*** Opening Dataset excerpts ***
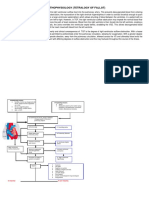 TOF (Pathophysiology)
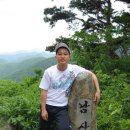 대명(528) 이미지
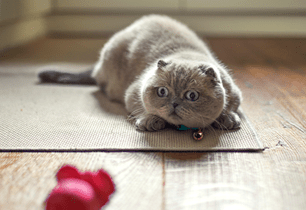 kitten playing fetch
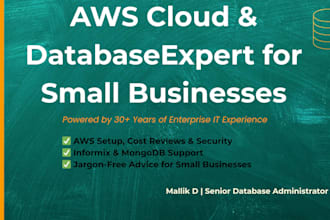 be your AWS cloud and database consultant for small businesses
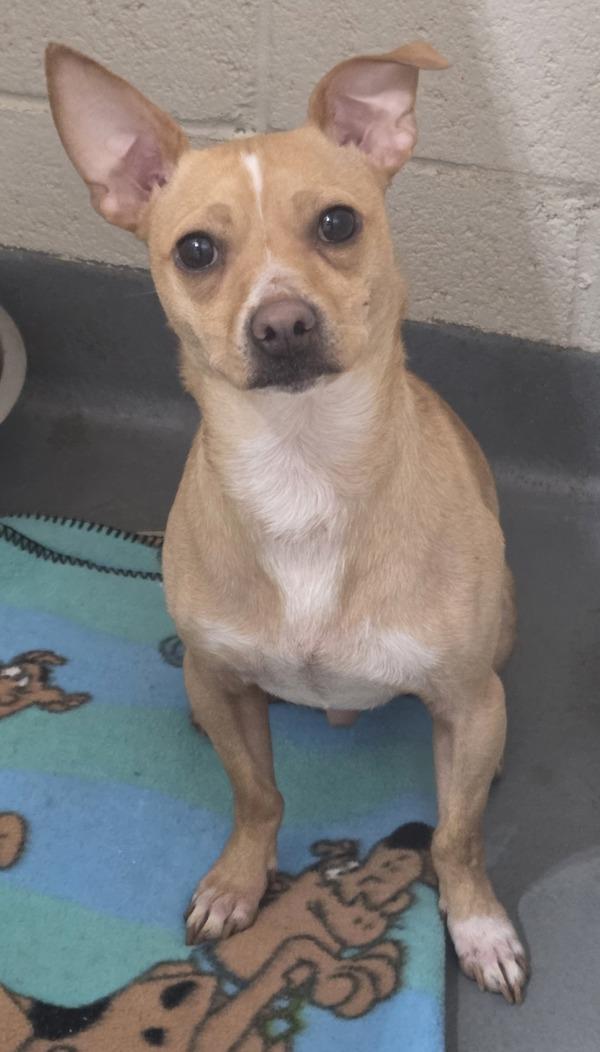 26-03-0692 Preston, Adoptable, Adult Male Chihuahua.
*** Closing Dataset excerpts ***
Problem to work on => Without copying any picture, write out the entries exactly.

Response area =>
 TOF (Pathophysiology)
 대명(528) 이미지
 kitten playing fetch
 be your AWS cloud and database consultant for small businesses
 26-03-0692 Preston, Adoptable, Adult Male Chihuahua.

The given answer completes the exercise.